■ **SUPPLIED MATERIAL**:
____

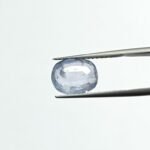 3.84 carats Blue Sapphire (4.25 ratti Neelam) - Image 5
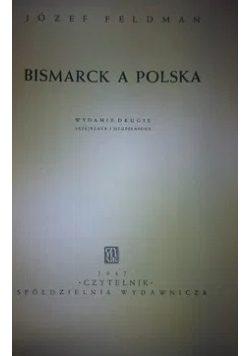 Bismarck a Polska 1947 r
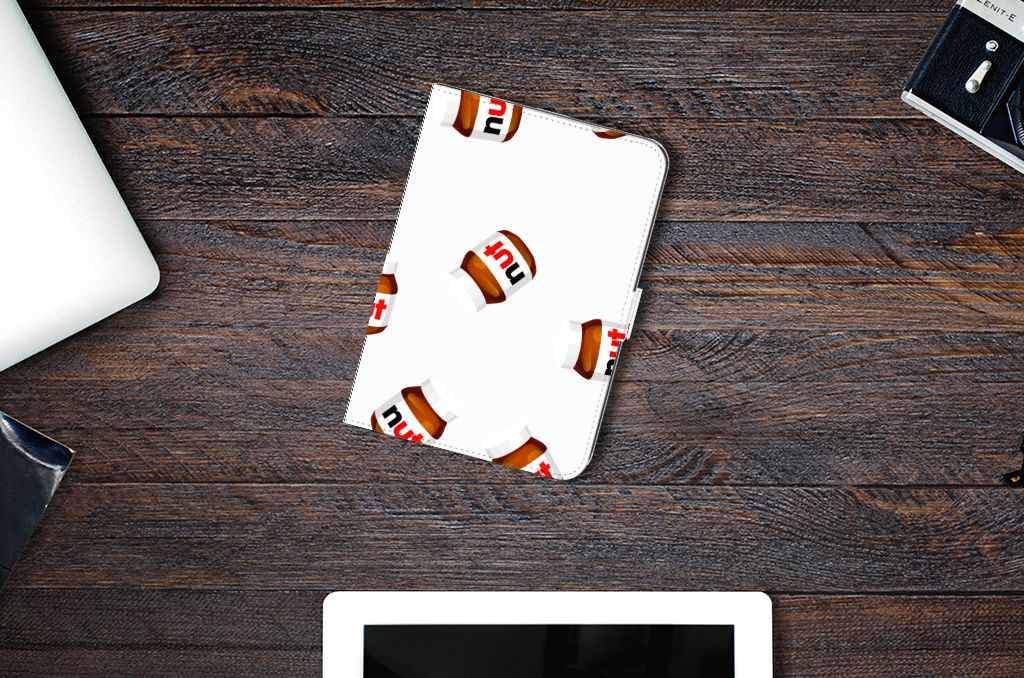 iPad Mini 6 (2021) Tablet Stand Case Nut Jar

____

None of the pictures should be reproduced; all other material above must be set down exactly.

■ **OUTPUT BELOW**:
 3.84 carats Blue Sapphire (4.25 ratti Neelam) - Image 5
 Bismarck a Polska 1947 r
 iPad Mini 6 (2021) Tablet Stand Case Nut Jar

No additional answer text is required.